India, has increased its loans from the Asian Development Bank (ADB) in the past couple of years, more than any of its Asian neighbors, after being introduced to the bank's new financing modalities. In particular, Indian states are keenly tapping ADB's multitranche financing facility (MFF), with its reduced commitment fees and flexible long-term management set-up.
Already ongoing are four MFFs for urban development investment programs in North Karnataka (US$862 million), Jammu and Kashmir (US$1,260 million), Rajasthan (US$450 million), and Uttarakhand (US$1,589.2 million). Included in these MFFs are major investments for the development of urban water supply and sanitation services.
Out to become India's hydropower state, Himachal Pradesh also tapped US$800 million worth of MFF for clean energy advancement, including the development of four medium to large hydropower projects. In agriculture-dependent Orissa, one of the country's poorest states, an MFF of US$188.2 million is promoting investments to modernize irrigation infrastructure and water resources management systems.
Besides these, 6 more MFFs are financing infrastructure developments and investment programs on energy, roads, and railways. More are being processed, and others are bound to be proposed in the next few years as the deadline for the Millennium Development Goals draws near.
Cities in need
India's deplorable infrastructures, such as those for water supply, give it more than enough reason to borrow from ADB. Ground-level reality shows that India badly needs infrastructure developments.
Many cities in India suffer serious environmental and health problems, often directly caused by rapid urbanization, under-investments in infrastructure, and poor management and operation of public services. Many urban households, particularly the poor, have limited access to potable water and improved sanitation facilities. These services are beset by inefficiencies in service delivery plus inadequate funds to maintain and expand service coverage.

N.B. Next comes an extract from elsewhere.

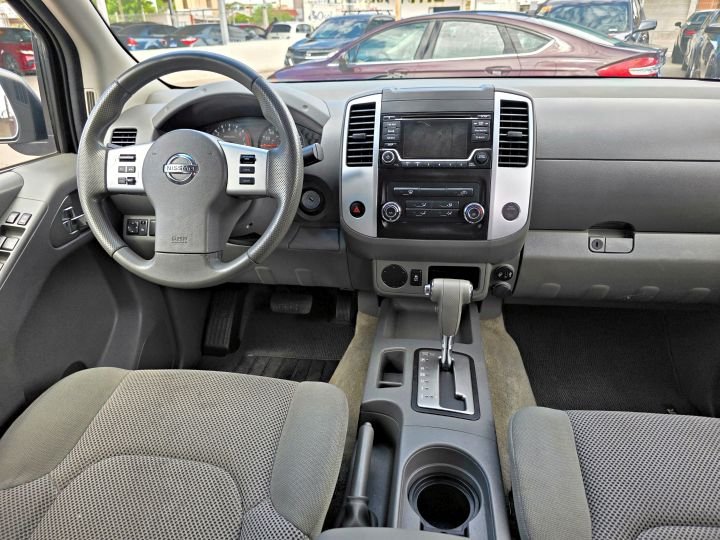 NISSAN FRONTIER SV 2018 GRIS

India needs better urban infrastructure and services to attract more investors, but the scale of the investments needed is so massive that even pooling government resources with multilateral and bilateral financing will not be enough.
ADB's investments in the water sector over the last 15 years have been modest, to say the least, and not nearly enough to address the burgeoning water problems of the Asia-Pacific. To close this gap, ADB launched the Water Financing Program (WFP) to double investments in the sector between 2006 and 2010. ADB aims to invest roughly $12 billion of its own resources to deliver specific outcomes on drinking water, sanitation, irrigation, flood management, integrated water resources management, and water governance.
ADB's new financing products, which include the MFF, subsovereign and nonsovereign public sector lending, local currency financing for the public sector, refinancing, and others, complement this drive to increase water investments. Among these products, the MFF is seen to be opening wider doors for development, and India has entered those doors.
The MFF is a flexible financing framework that allows ADB to finance, using future loans and guarantees, an agreed and interrelated investment program. In India's case, the investment program is derived from a sector roadmap designed by the local or state government, and these roadmaps identify the most urgent investment requirements.
MFF's loans and guarantees are spread over time in "slices" or tranches. The tranches are committed only as programmed investments become ready for financing. As such, commitment fees are only applied on committed amounts, rather than on the total value available under the facility. To avail of MFF, a country requires:
- an existing policy framework
- a client-owned sector roadmap
- an investment program and financing plan
India's water sector meets these criteria.
How it works
To implement each MFF, ADB and the National Government entered into a Framework Financing Agreement (FFA), which outlines the specific terms and conditions under which tranches can be made. Both parties also prepared and agreed upon a Facility Administration Memorandum (FAM) to facilitate the implementation of the investment program.
All subprojects proposed under the MFF should meet the established selection criteria comprising technical, environmental, social, institutional, economic, and financial considerations. Succeeding loans under the MFF will only be made when proposed subprojects have been properly appraised, designed, and readied for implementation.
Financing the future?
Three years after its creation, the MFF has demonstrated the flexibility necessary to meet Asia's development and financing needs.
However, not all countries are like India, with its sufficiently developed roadmaps and investment programs. Those that have availed of the MFF to date include Afghanistan, Bangladesh, Pakistan, and the People's Republic of China.
An MFF, or even an individual MFF tranche, has yet to be completed and the full benefits from this financial package have yet to be realized. It will probably take a few more years to fully assess MFF's effectiveness as an innovative development financing modality. But lessons are being learned from each MFF that moves to the next stage, or the next tranche.
Will the MFF live up to its promises? And will the challenges facing current MFFs be overcome? Asia will just have to wait and see.